EXERCISE DESCRIPTION:
Search the material below for the word "Suite" and copy every line in which it occurs.

Start of DATA SUPPLIED

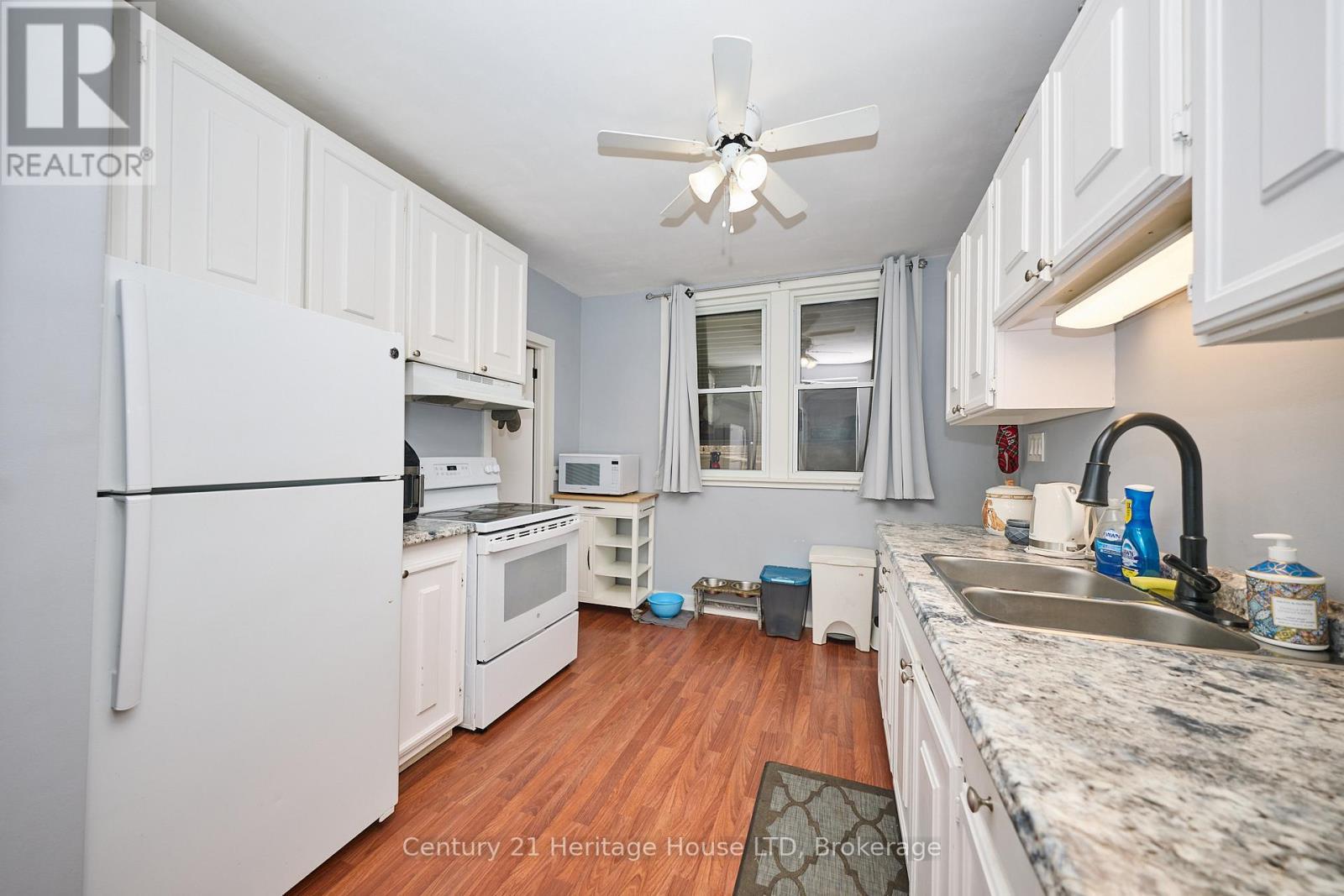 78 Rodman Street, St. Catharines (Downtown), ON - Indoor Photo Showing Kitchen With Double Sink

End of DATA SUPPLIED
Start of DATA SUPPLIED

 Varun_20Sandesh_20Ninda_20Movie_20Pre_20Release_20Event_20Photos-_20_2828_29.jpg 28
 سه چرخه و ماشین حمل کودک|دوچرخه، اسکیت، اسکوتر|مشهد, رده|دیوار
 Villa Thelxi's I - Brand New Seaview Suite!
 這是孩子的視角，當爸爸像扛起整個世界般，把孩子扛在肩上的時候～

End of DATA SUPPLIED
Start of DATA SUPPLIED

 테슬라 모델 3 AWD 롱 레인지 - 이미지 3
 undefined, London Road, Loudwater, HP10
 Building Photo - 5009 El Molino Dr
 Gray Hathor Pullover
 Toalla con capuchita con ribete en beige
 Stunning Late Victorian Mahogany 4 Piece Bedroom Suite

End of DATA SUPPLIED

SOLUTION FOR THIS PROBLEM:
 Villa Thelxi's I - Brand New Seaview Suite!
 Stunning Late Victorian Mahogany 4 Piece Bedroom Suite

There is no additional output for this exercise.